Select Committee on Environmental Audit Minutes of Evidence


Memorandum submitted by the Royal Society for the Protection of Birds

SUMMARY

  1.  Although carbon offsetting is increasingly popular, it is a highly contentious area of climate change mitigation policy. Not only are there many types of offset of highly varying quality but there is dispute over whether they are effective in promoting the types of behavioural change needed to limit climate change. The RSPB thus welcomes the recent Government initiative to define criteria to bring greater clarity to the offset market and we are generally supportive of the criteria proposed, ie to recognise only internationally agreed credits.

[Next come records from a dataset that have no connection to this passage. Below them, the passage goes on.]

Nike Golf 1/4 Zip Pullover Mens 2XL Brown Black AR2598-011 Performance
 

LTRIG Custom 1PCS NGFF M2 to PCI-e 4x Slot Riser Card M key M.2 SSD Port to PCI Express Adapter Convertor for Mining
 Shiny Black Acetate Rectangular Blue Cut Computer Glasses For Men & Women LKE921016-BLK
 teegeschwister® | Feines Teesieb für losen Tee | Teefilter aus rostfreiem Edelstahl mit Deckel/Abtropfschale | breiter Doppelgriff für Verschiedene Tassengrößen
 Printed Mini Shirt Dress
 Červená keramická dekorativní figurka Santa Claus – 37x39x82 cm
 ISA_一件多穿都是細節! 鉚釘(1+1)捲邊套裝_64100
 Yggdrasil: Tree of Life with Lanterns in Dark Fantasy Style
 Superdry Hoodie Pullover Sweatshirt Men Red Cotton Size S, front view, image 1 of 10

  2.  We are, however, concerned that although some offsets deliver social or biodiversity co-benefits together with carbon savings, there is currently no way of recognising these benefits. Clearly, it would not be possible to claim extra carbon credit for projects that have more general sustainability benefits but explicit identification of such benefits would be advantageous in promoting projects that are environmentally benign over ones that are adequate solely in carbon terms—but might be damaging in terms of the broader environment. Currently, for example, the forestry-related credits recognised by Kyoto do not adequately discriminate between projects that have both carbon and biodiversity value and those that may save carbon but could harm wildlife, such as plantations of fast growing monocultures.

INTRODUCTION AND BACKGROUND: SOME PROS AND CONS OF OFFSETS

  3.  The RSPB is Europe's largest wildlife charity with over one million members. We manage one of the largest conservation estates in the UK with 196 nature reserves, covering more than 131,000 hectares. The RSPB is part of the BirdLife International partnership, a global alliance of independent national conservation organisations working in more than 100 countries worldwide.

  4.  The role of offsets in mitigating climate change is the most hotly disputed area of climate change policy, giving rise to fierce, often acrimonious disputes amongst those involved in the climate change debate. The RSPB's situation is typical of many other environmental and nature conservation organisations. On the one hand, many of our nature conservation activities, both in the UK and abroad, either sequester carbon dioxide or prevent the degradation of natural land, such as the felling of forests, and thereby avoid the generation of emissions. We are thus in a strong position to mitigate climate change by our conservation activities and hence to generate carbon credits from them, the proceeds of which could be used both for further mitigation and for nature conservation.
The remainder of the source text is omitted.